Bei's Study Notes

General Relativity 06
Last updated: 2016-08-14 19:21:06 PDT.

Reference: UCI OpenCourseWare - GR 07 (Playlist)

Some remarks (Mach's Principle)

Starting from 39:00.

My Note: I've never been convinced of Mach's Principle. In fact, there has been many null results in testing Mach's principle. I don't know this has to be a thing in the first place.

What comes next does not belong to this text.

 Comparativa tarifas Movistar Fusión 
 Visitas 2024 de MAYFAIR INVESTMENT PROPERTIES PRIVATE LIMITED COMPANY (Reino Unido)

Non-Cartitian coordinate system

Starting from 1:07:55.

Starting from an example:

$$ \xi^\alpha = \begin{cases} x &=& r \sin \theta \cos \phi \\ y &=& r \sin \theta \sin \phi \\ z &=& r \cos \theta \end{cases} \\ x^\alpha = \begin{cases} r &=& \sqrt{x^2 + y^2 + z^2} \\ \theta &=& \cos^{-1}(\frac{z}{r})\\ \phi &=& \tan^{-1}(\frac{y}{x}) \end{cases} \\ \eta_{\alpha\beta} =\delta_{\alpha\beta} $$

We will try to calculate the metric in this case. The Jacobian:

$$\begin{align*} \frac{\partial(x,y,z)}{\partial(r,\theta,\phi)} &= \left(\begin{array}{lll} \frac{\partial x}{\partial r}&\frac{\partial x}{\partial \theta}&\frac{\partial x}{\partial \phi}\\ \frac{\partial y}{\partial r}&\frac{\partial y}{\partial \theta}&\frac{\partial y}{\partial \phi}\\ \frac{\partial z}{\partial r}&\frac{\partial z}{\partial \theta}&\frac{\partial z}{\partial \phi}\\ \end{array}\right)\\ &=\left(\begin{array}{lll} \sin \theta \cos \phi & r \cos \theta \cos\phi & -r \sin \theta \sin \phi \\ \sin \theta \sin \phi & r \cos \theta \sin\phi & r \sin \theta \cos \phi \\ \cos \theta & -r \sin \theta \cos\phi & 0 \\ \end{array}\right)\\ g_{\mu\nu} &= \eta_{\alpha\beta} \frac{\partial \xi^\alpha}{\partial x^\mu} \frac{\partial \xi^\beta}{\partial x^\nu}\\ &= \frac{\partial x}{\partial x^\mu}\frac{\partial x}{\partial x^\nu}+ \frac{\partial y}{\partial x^\mu}\frac{\partial y}{\partial x^\nu} + \frac{\partial z}{\partial x^\mu}\frac{\partial z}{\partial x^\nu} \\ &= \left( \begin{array}{lll} 1 & 0 & 0\\ 0 & r^2 & 0 \\ 0 & 0 & r^2 \sin^2\theta \\ \end{array} \right)\\ \sqrt{\det g_{\mu\nu}} &= r^2 sin^\theta\\ ds^2 &= g_{\mu\nu}dx^\mu dx^\nu = dr^2 + r^2(d\theta^2 + sin^2\theta d\phi^2) \end{align*}$$

The inverse is simple:

$$\begin{align*} g^{\mu\nu} &= \left( \begin{array}{lll} 1 & 0 & 0\\ 0 & \frac{1}{r^2} & 0 \\ 0 & 0 & \frac{1}{r^2 \sin^2\theta} \\ \end{array} \right)\\ \Gamma^\lambda{}_{\mu\nu} &= -\frac{1}{2}g^{\mu\nu}(\partial g+\partial g-\partial g)\\ &= ... \end{align*}$$

The important takeaway is that $\Gamma$ is in fact not a tensor, for that it can be $0$ in some coordinate systems but non-zero in others, even in the same planar space.